Productivité bien ordonnée commence par
soi-même. L’Allemand spécialisé dans la mesure et le contrôle implémente donc
ses solutions d’usine intelligente sur ses installations, au bord du lac de Constance.
Proposer un
catalogue complet de produits d’instrumentation et de contrôle, eux-mêmes
déclinables en de très nombreuses variantes, c’est bien, à condition d’adopter
un mode de production adapté. L’Allemand ifm electronic, spécialiste de
l’instrumentation et du contrôle dont l’usine historique est installée à
Tettnang, au bord du lac de Constance, en est on ne peut plus conscient. Parmi
ses 6 usines situées à quelques kilomètres les unes des autres, 3300 personnes
dédiées à la production fabriquent 10 millions de capteurs par an. Et au sein
de l’usine de Tettnang (qui emploie 1800 personnes) « dans le bâtiment 17,
par exemple, nous avons 12 lignes de productions dédiées à des produits qui
peuvent compter une centaine de variantes chacun. Cela représente près de 7500
articles, dont certains ne sont fabriqués qu’à raison de 5 exemplaires par
an », explique ainsi Bernd Hausler, responsable de la production des détecteurs
optoélectroniques . Et pas question de différer des productions car le stock
européen du groupe, situé à Essen, doit être complété chaque jour depuis les
sites de production.
Un atelier « Lean »
Afin de
gagner en flexibilité dans ce bâtiment à la propreté exemplaire – et contrôlée
très régulièrement -, depuis un an et demi, ifm a misé sur le « Lean »

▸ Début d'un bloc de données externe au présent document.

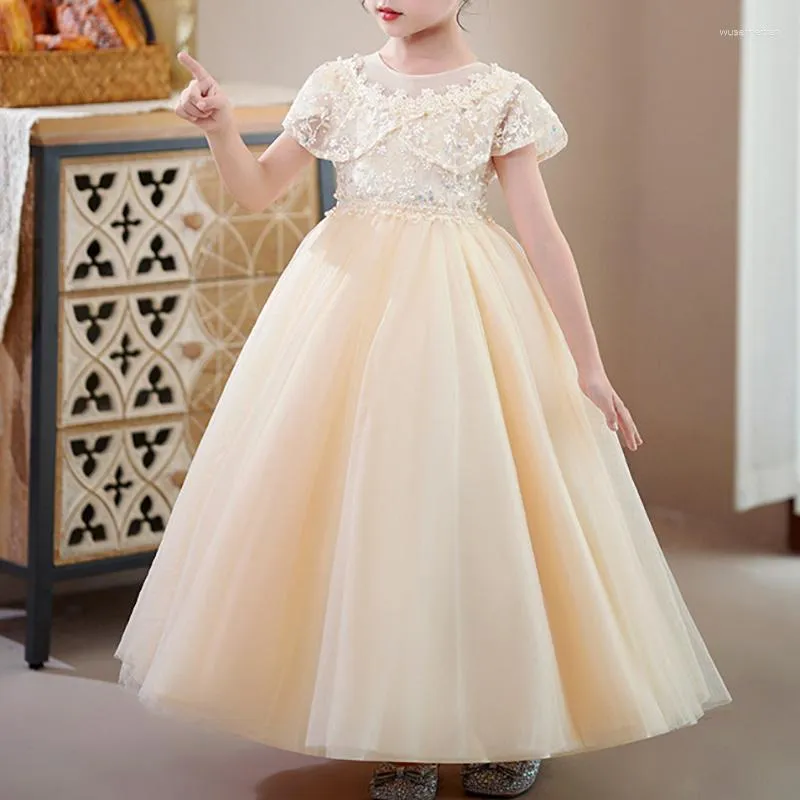 Robes de fille longues champagne fleur filles pour mariages fête gala paillettes perles à manches courtes longueur cheville robe de princesse enfant 2023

et le fonctionnement selon le principe du « one piece flow », c’est-à-dire
sans encours. Réapprovisionnées et débarrassées de leurs produits finis par un
« petit train », les lignes de production sont ainsi alimentées par des
kanbans et structurées de la même manière avec des postes successifs d’assemblage,
de soudage, de contrôle et de packaging. A chaque nouvelle série, une équipe
est désignée par des superviseurs pour réaliser l’ordre de fabrication.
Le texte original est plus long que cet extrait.